## Work instruction
Begin at the top of the records and copy each line exactly. The line containing "Veste col tailleur" is the last one to include.
Listed records START
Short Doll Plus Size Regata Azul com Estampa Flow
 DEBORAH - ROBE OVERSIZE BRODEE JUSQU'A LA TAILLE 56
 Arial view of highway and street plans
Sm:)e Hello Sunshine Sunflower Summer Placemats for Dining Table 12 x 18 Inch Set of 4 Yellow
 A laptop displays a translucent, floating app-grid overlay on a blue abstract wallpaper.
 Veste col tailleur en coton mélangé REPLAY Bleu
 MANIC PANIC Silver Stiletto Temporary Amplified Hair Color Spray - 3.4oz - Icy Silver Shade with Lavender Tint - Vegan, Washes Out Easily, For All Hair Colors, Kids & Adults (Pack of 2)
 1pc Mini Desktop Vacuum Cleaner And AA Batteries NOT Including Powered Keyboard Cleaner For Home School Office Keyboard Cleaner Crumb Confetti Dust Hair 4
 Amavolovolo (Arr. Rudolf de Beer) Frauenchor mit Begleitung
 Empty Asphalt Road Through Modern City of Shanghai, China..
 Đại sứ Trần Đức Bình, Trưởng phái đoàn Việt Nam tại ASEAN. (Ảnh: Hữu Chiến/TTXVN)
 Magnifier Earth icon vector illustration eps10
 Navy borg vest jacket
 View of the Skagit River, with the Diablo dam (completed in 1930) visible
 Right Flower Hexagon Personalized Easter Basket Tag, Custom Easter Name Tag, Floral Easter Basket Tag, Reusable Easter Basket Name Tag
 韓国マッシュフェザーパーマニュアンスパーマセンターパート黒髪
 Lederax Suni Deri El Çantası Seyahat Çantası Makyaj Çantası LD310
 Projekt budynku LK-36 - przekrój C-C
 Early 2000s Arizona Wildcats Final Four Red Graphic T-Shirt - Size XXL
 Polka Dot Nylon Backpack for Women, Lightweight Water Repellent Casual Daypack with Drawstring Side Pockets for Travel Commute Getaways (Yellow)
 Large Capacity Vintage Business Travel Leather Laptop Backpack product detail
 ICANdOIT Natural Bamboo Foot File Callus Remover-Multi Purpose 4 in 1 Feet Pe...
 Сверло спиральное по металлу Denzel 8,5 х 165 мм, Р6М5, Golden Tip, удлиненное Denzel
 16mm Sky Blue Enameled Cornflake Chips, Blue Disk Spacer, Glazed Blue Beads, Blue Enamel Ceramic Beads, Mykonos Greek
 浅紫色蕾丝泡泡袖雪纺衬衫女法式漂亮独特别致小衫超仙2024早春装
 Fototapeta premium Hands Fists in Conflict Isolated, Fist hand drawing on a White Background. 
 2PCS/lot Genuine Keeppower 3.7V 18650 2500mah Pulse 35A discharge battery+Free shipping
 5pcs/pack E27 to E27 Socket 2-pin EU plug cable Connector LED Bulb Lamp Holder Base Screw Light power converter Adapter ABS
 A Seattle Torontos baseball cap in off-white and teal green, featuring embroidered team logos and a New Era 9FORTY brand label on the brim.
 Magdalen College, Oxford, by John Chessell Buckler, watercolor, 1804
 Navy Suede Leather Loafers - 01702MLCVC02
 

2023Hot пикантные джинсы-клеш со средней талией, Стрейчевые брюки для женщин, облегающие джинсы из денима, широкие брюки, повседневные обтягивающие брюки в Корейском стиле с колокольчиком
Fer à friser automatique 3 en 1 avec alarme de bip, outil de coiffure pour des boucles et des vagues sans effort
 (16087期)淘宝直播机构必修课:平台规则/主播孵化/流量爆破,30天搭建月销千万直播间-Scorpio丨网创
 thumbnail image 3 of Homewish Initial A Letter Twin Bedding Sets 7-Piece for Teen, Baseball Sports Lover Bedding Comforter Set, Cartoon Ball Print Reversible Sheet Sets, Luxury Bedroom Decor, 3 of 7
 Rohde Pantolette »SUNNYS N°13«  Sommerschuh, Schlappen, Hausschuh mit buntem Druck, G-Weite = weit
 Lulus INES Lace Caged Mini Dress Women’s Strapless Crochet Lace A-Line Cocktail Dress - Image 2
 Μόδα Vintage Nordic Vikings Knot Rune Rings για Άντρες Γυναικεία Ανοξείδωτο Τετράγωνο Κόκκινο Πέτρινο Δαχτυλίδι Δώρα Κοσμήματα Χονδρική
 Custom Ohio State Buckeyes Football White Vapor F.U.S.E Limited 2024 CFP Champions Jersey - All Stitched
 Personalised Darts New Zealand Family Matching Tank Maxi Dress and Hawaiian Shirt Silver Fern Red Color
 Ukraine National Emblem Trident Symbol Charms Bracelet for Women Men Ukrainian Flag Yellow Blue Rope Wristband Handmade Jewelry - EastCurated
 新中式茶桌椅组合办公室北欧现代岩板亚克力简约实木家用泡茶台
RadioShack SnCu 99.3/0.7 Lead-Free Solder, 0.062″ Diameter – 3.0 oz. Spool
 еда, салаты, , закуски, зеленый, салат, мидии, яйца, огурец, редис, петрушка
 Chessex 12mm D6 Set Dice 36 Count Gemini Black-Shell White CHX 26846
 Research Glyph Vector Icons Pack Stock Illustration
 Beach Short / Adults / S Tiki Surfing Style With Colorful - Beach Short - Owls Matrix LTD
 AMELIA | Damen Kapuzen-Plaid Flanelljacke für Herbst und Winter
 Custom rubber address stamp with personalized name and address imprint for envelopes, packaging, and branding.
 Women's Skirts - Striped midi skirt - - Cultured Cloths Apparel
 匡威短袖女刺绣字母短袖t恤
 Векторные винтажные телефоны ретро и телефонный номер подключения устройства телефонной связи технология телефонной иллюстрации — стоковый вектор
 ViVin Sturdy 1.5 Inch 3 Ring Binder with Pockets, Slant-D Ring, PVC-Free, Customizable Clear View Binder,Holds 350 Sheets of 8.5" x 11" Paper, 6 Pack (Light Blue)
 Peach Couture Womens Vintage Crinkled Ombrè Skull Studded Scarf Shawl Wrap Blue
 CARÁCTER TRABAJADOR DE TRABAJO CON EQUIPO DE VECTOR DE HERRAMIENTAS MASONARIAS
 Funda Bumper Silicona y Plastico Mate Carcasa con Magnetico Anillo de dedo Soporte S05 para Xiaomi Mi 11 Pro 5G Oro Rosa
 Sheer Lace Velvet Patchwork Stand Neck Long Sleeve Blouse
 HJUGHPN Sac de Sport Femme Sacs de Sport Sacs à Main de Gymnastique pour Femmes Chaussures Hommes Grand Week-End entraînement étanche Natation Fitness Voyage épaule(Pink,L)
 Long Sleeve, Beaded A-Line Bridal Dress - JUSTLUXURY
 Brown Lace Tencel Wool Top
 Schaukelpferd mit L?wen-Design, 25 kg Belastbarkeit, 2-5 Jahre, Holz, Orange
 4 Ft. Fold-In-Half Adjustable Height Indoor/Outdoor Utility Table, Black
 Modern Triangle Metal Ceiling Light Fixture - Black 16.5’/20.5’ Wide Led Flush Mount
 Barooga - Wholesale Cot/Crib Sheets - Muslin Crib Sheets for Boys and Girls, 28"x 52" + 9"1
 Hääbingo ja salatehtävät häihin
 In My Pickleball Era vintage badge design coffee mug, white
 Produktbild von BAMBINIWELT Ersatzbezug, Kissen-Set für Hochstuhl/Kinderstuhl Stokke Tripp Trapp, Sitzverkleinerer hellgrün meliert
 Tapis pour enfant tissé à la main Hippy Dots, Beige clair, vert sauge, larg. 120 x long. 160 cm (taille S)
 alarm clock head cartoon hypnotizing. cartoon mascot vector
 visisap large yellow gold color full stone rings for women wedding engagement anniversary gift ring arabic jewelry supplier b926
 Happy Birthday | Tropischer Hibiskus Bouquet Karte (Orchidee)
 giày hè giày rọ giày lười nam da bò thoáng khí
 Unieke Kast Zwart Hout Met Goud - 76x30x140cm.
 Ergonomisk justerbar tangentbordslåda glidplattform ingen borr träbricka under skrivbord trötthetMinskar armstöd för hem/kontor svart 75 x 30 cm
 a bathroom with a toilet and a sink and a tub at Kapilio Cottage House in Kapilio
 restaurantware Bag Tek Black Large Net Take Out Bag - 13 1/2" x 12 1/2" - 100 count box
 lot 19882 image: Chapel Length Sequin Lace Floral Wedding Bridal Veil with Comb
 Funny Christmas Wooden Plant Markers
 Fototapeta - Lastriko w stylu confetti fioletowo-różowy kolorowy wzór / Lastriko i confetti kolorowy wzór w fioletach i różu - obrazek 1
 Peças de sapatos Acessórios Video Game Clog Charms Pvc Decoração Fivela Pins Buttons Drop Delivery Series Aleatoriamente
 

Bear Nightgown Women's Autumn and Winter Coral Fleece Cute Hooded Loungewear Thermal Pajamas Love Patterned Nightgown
Listed records END
## Solution to the exercise
Short Doll Plus Size Regata Azul com Estampa Flow
 DEBORAH - ROBE OVERSIZE BRODEE JUSQU'A LA TAILLE 56
 Arial view of highway and street plans
Sm:)e Hello Sunshine Sunflower Summer Placemats for Dining Table 12 x 18 Inch Set of 4 Yellow
 A laptop displays a translucent, floating app-grid overlay on a blue abstract wallpaper.
 Veste col tailleur en coton mélangé REPLAY Bleu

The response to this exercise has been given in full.